For this exercise, copy the records below exactly and exclude every image.

# Records from a dataset
══════════════════════════════

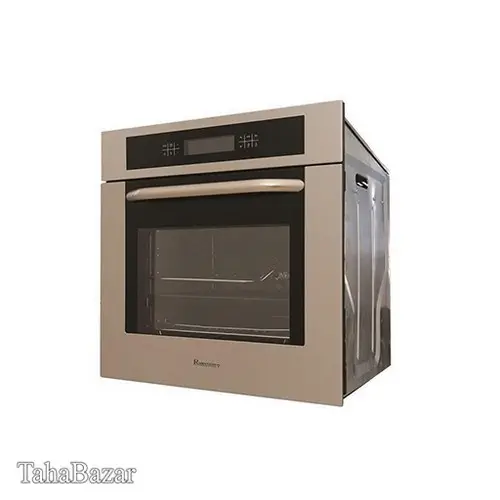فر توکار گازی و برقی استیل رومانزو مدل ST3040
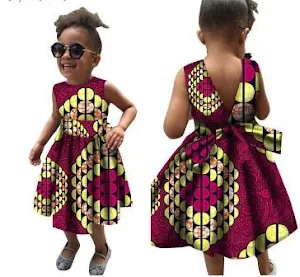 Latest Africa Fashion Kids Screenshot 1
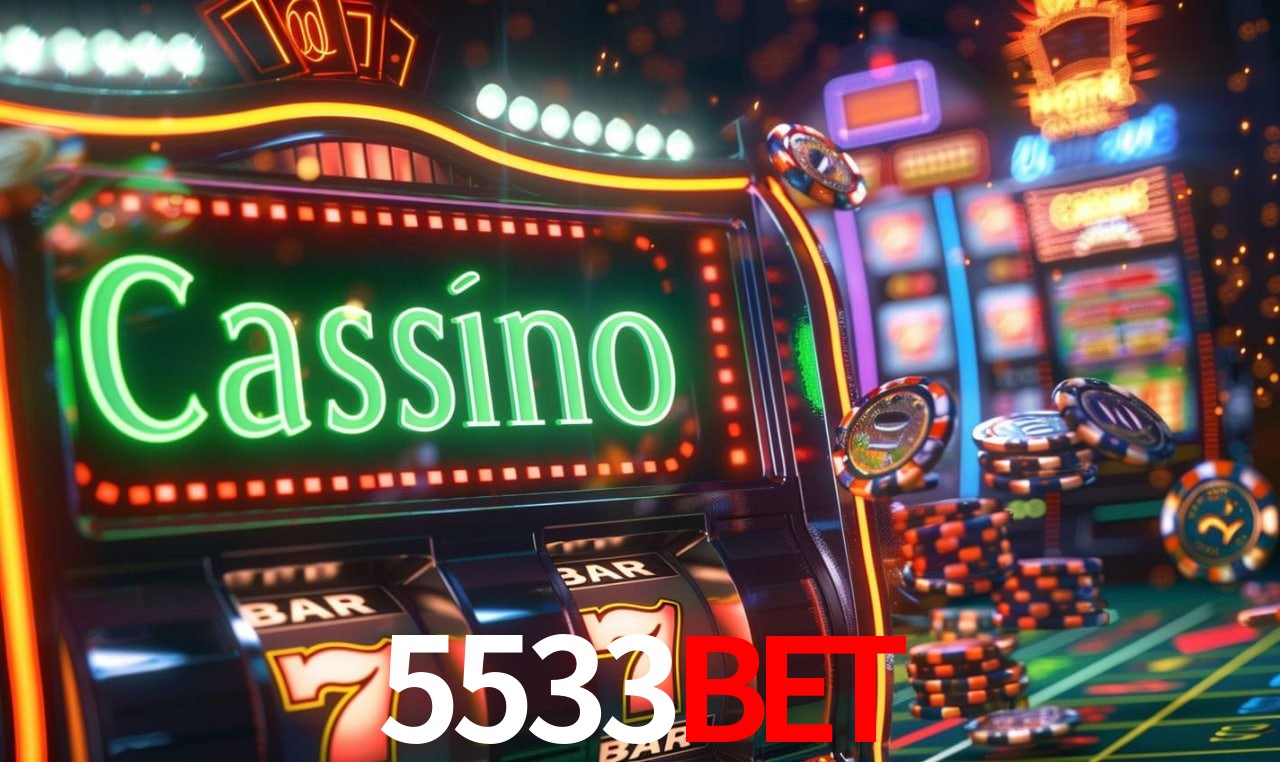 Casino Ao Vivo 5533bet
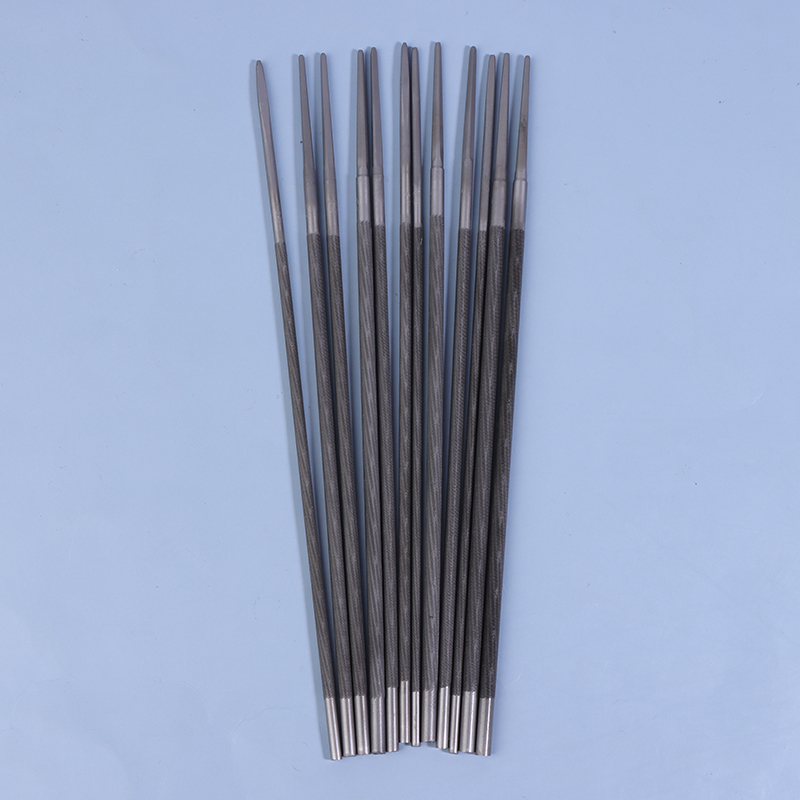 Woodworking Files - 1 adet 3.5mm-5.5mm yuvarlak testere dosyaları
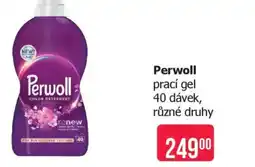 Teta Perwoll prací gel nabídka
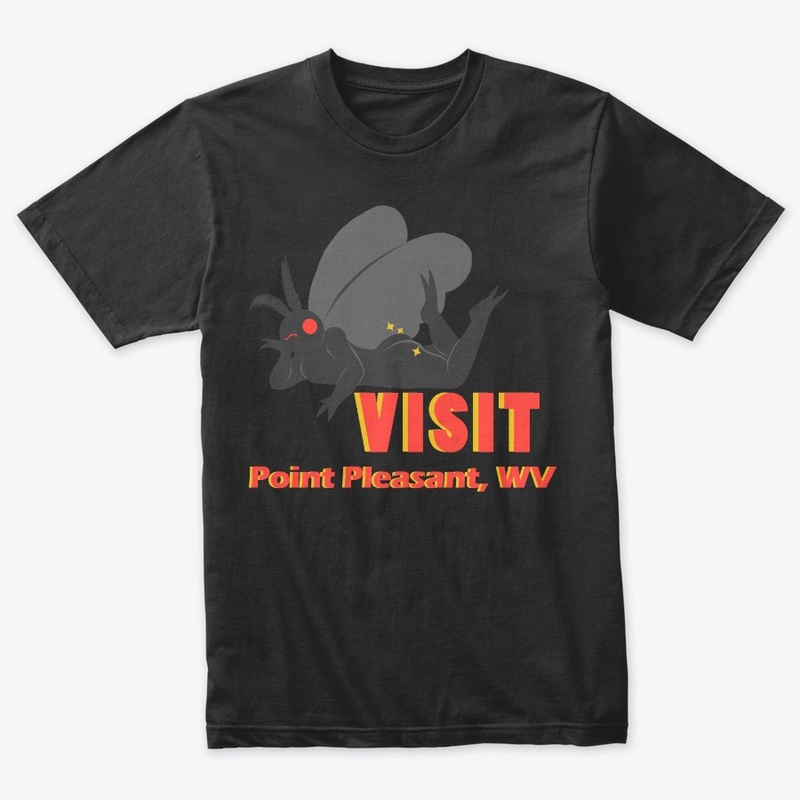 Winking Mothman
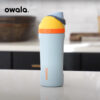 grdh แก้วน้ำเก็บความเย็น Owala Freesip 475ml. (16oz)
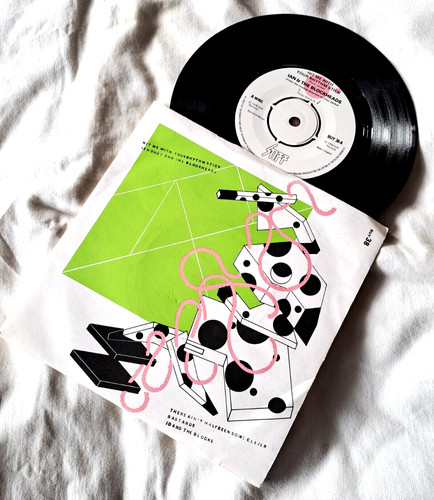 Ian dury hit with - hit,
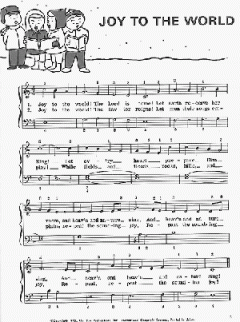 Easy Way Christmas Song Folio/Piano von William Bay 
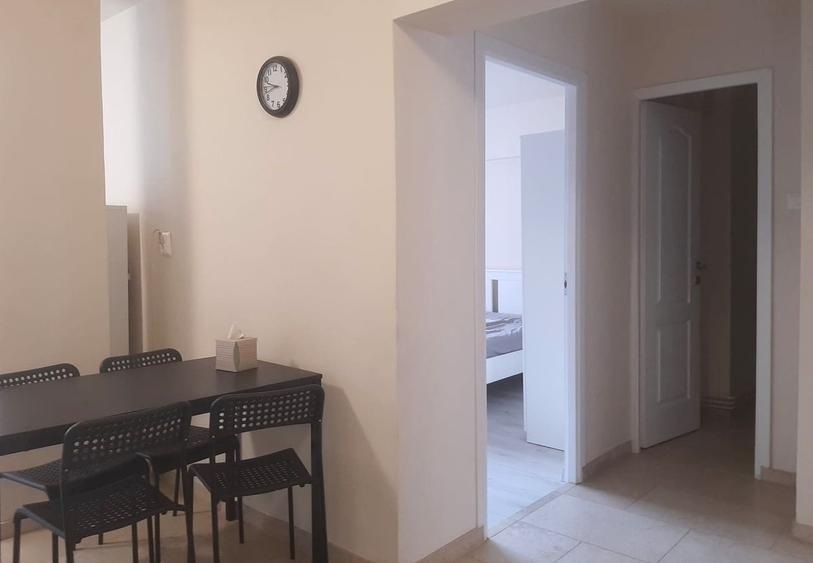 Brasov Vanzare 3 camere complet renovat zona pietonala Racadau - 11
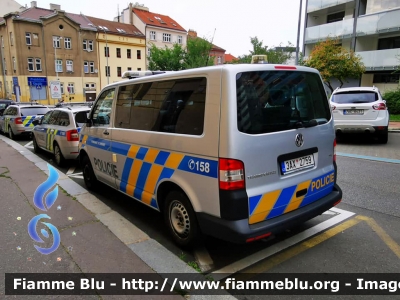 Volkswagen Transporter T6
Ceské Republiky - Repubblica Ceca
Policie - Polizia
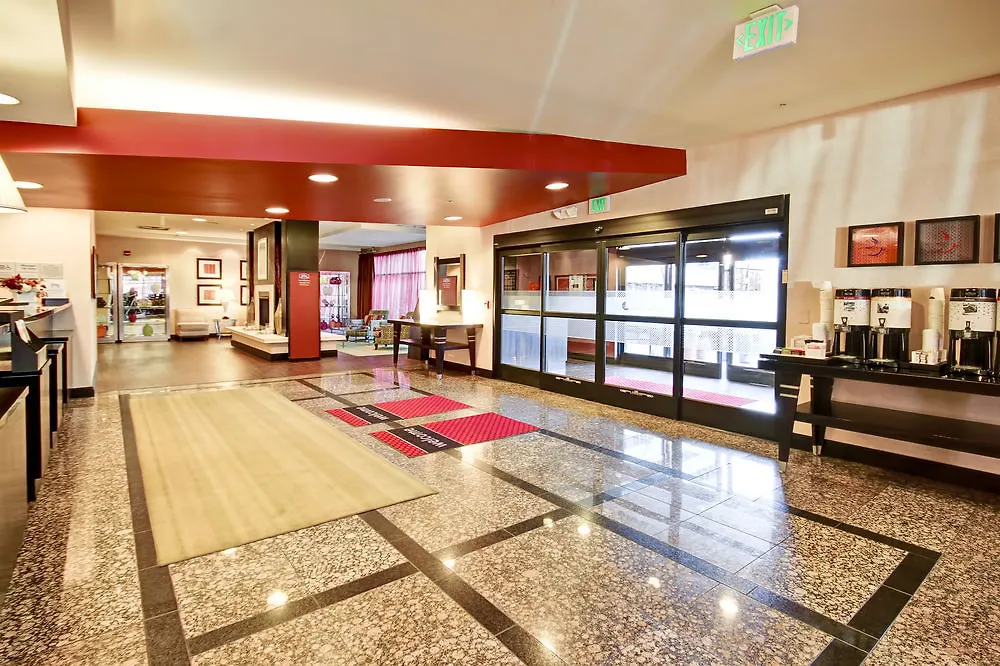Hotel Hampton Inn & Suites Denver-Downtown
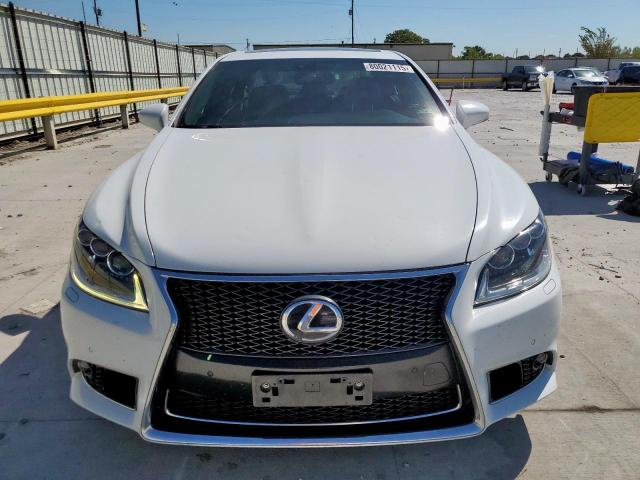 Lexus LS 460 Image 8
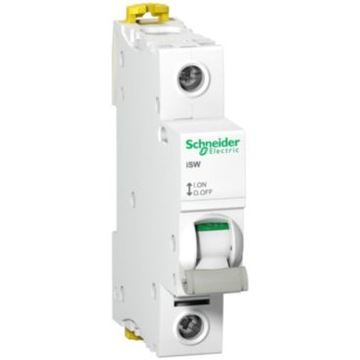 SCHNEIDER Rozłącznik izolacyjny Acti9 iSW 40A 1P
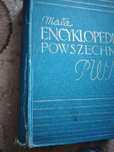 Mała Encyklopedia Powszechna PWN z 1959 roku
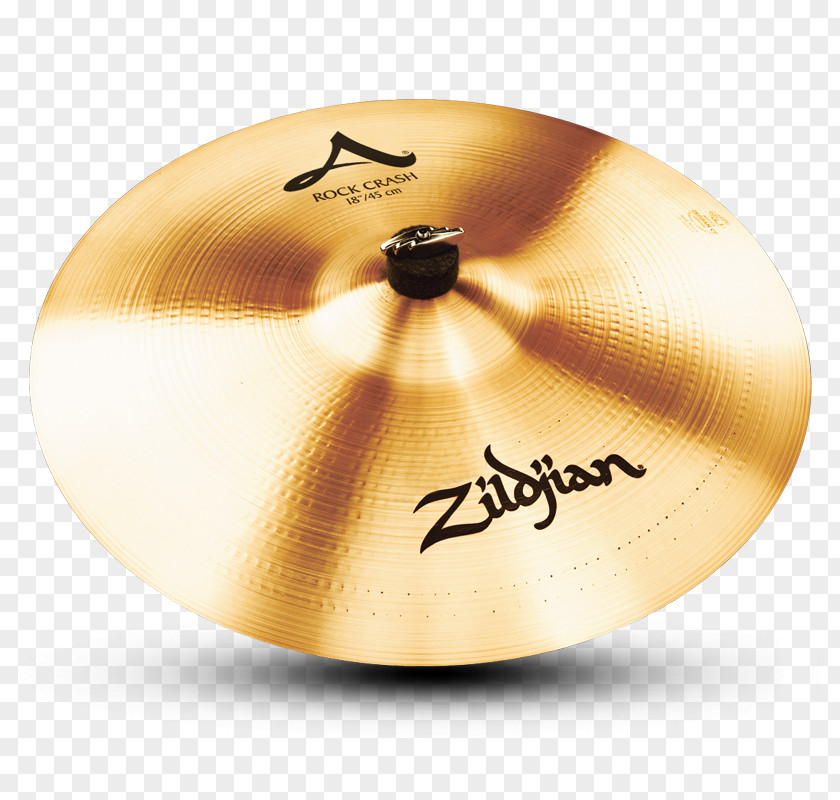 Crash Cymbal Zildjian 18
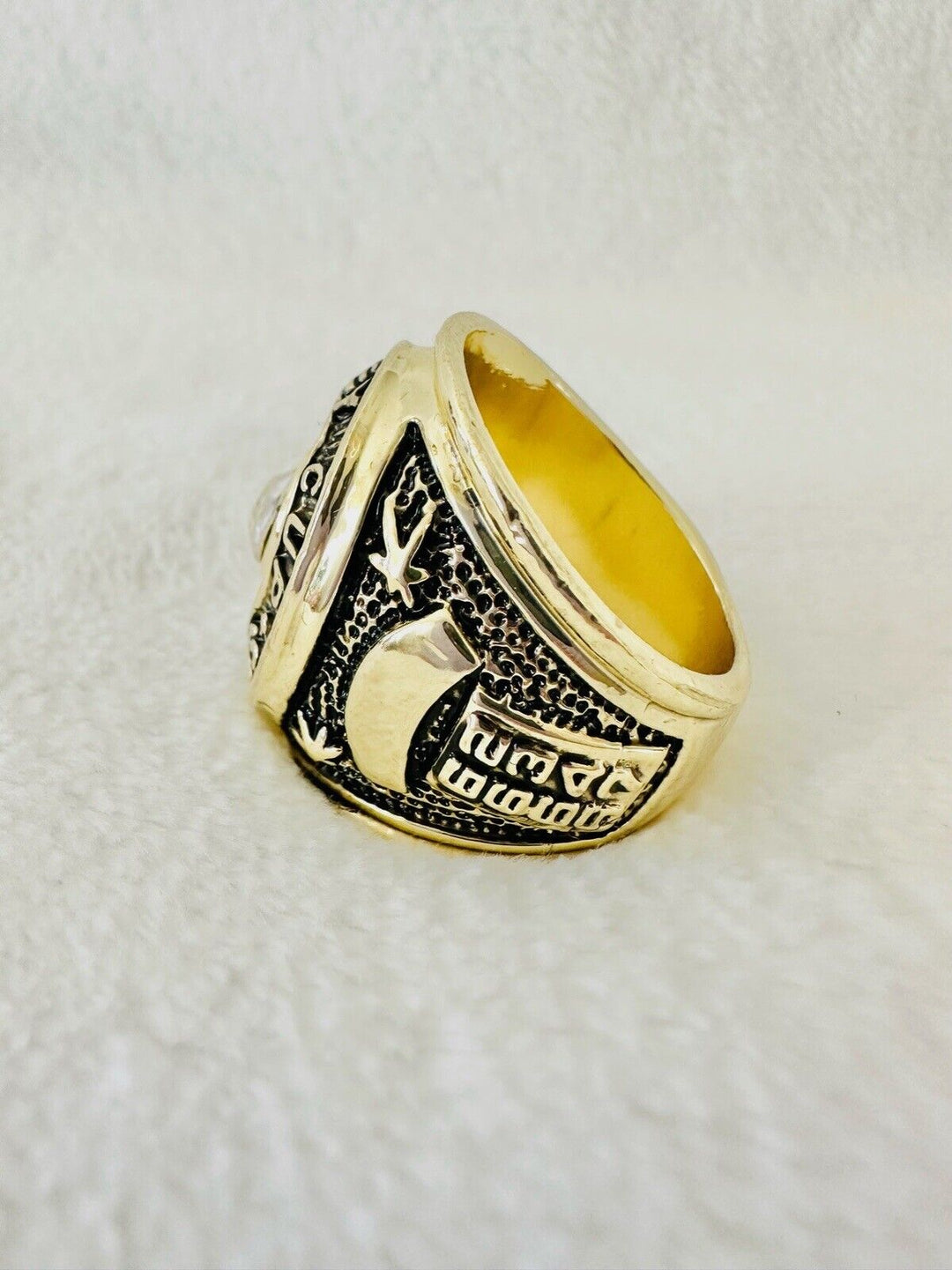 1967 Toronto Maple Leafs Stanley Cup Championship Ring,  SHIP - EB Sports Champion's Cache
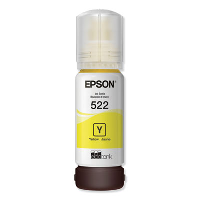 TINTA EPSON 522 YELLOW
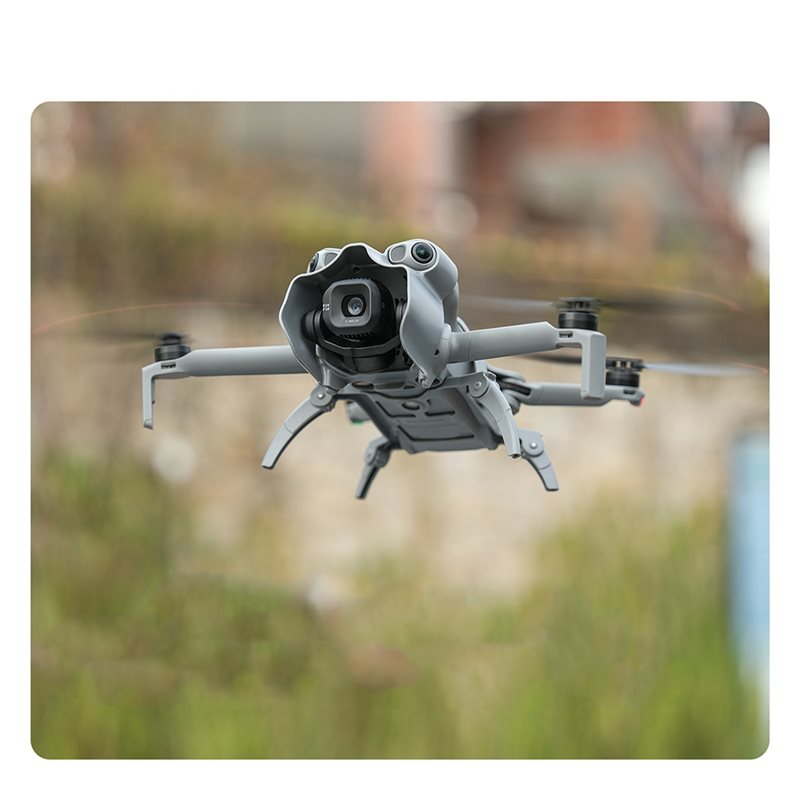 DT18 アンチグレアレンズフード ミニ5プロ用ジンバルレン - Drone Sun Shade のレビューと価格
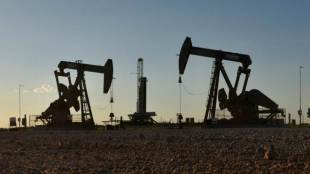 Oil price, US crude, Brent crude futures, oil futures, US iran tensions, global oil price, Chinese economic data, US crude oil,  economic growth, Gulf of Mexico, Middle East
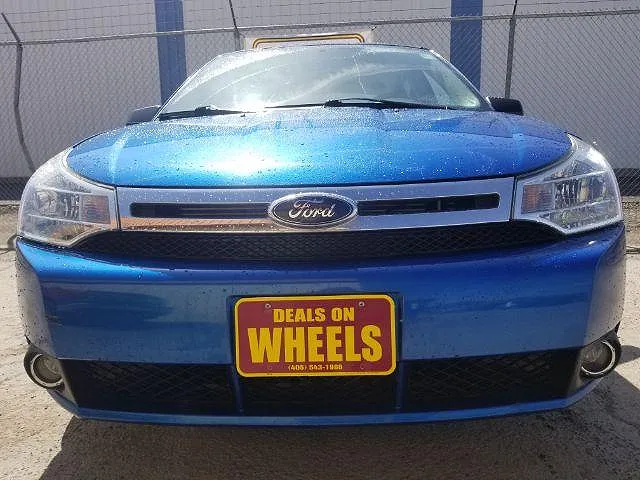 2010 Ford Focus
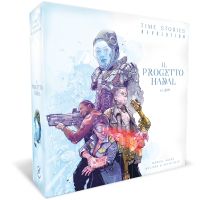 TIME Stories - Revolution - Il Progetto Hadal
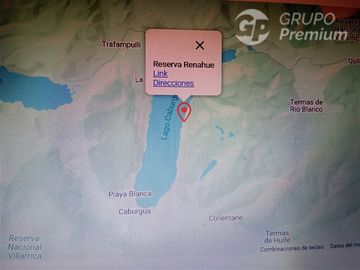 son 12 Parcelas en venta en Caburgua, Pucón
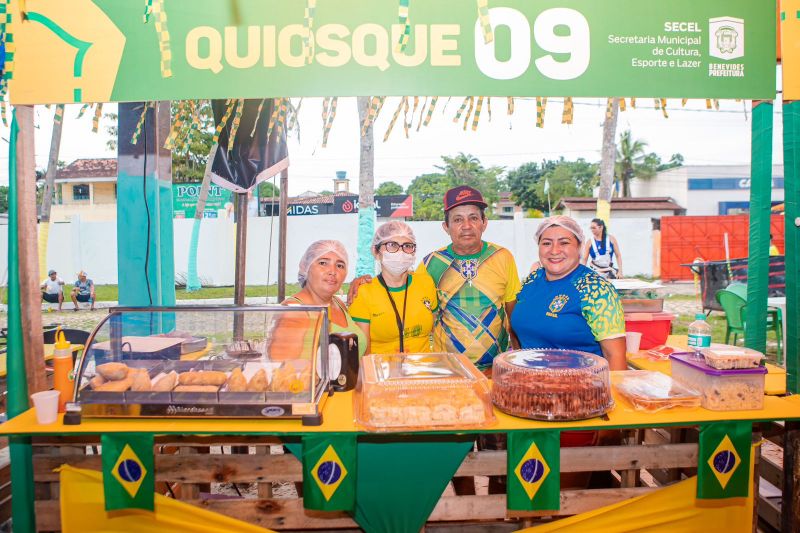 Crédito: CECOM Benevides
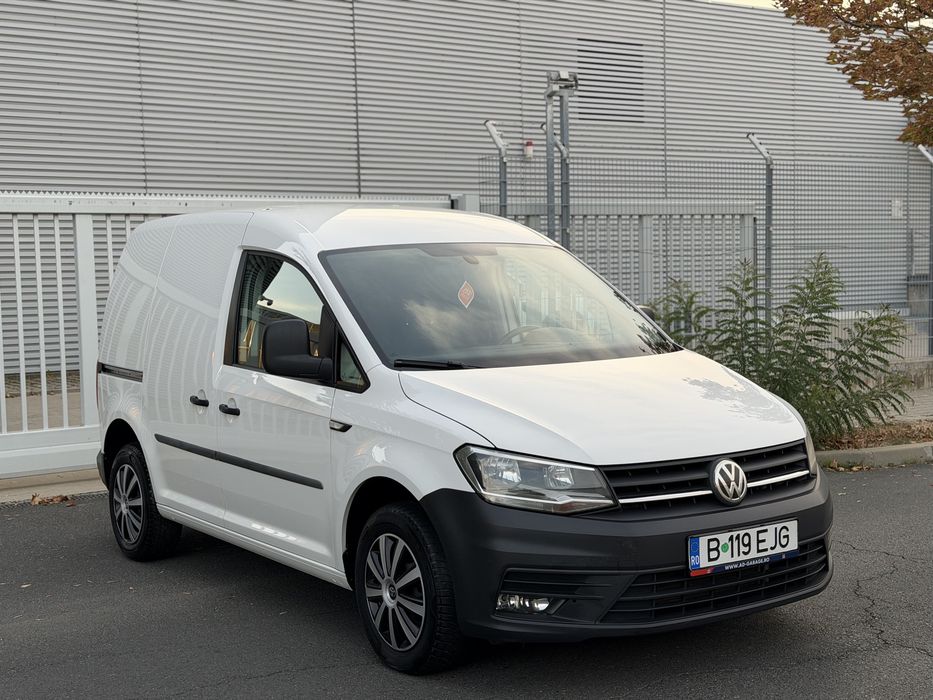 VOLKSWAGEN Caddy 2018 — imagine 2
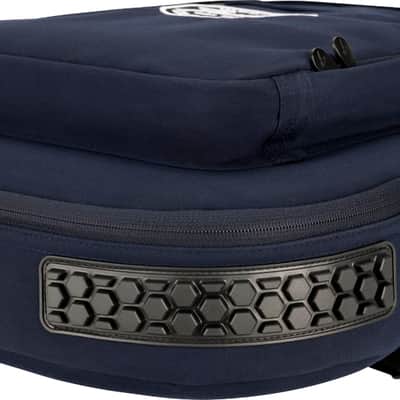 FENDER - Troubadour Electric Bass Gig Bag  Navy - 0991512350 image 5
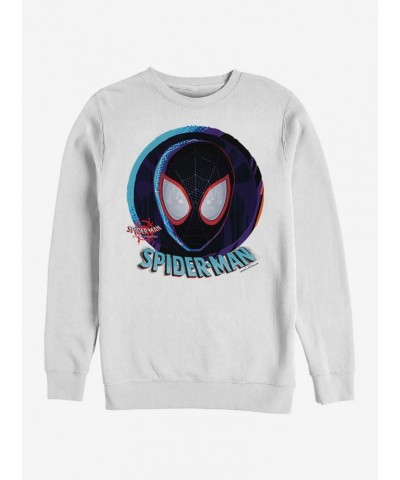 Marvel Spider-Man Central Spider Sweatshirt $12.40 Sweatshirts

══════════════════════════════

# Problem solution
فر توکار گازی و برقی استیل رومانزو مدل ST3040
 Latest Africa Fashion Kids Screenshot 1
 Casino Ao Vivo 5533bet
 Woodworking Files - 1 adet 3.5mm-5.5mm yuvarlak testere dosyaları
 Teta Perwoll prací gel nabídka
 Winking Mothman
 grdh แก้วน้ำเก็บความเย็น Owala Freesip 475ml. (16oz)
 Ian dury hit with - hit,
 Easy Way Christmas Song Folio/Piano von William Bay 
 Brasov Vanzare 3 camere complet renovat zona pietonala Racadau - 11
 Volkswagen Transporter T6
Ceské Republiky - Repubblica Ceca
Policie - Polizia
Hotel Hampton Inn & Suites Denver-Downtown
 Lexus LS 460 Image 8
 SCHNEIDER Rozłącznik izolacyjny Acti9 iSW 40A 1P
 Mała Encyklopedia Powszechna PWN z 1959 roku
 Crash Cymbal Zildjian 18
 1967 Toronto Maple Leafs Stanley Cup Championship Ring,  SHIP - EB Sports Champion's Cache
 TINTA EPSON 522 YELLOW
 DT18 アンチグレアレンズフード ミニ5プロ用ジンバルレン - Drone Sun Shade のレビューと価格
 Oil price, US crude, Brent crude futures, oil futures, US iran tensions, global oil price, Chinese economic data, US crude oil,  economic growth, Gulf of Mexico, Middle East
 2010 Ford Focus
 TIME Stories - Revolution - Il Progetto Hadal
 son 12 Parcelas en venta en Caburgua, Pucón
 Crédito: CECOM Benevides
 VOLKSWAGEN Caddy 2018 — imagine 2
 FENDER - Troubadour Electric Bass Gig Bag  Navy - 0991512350 image 5
 Marvel Spider-Man Central Spider Sweatshirt $12.40 Sweatshirts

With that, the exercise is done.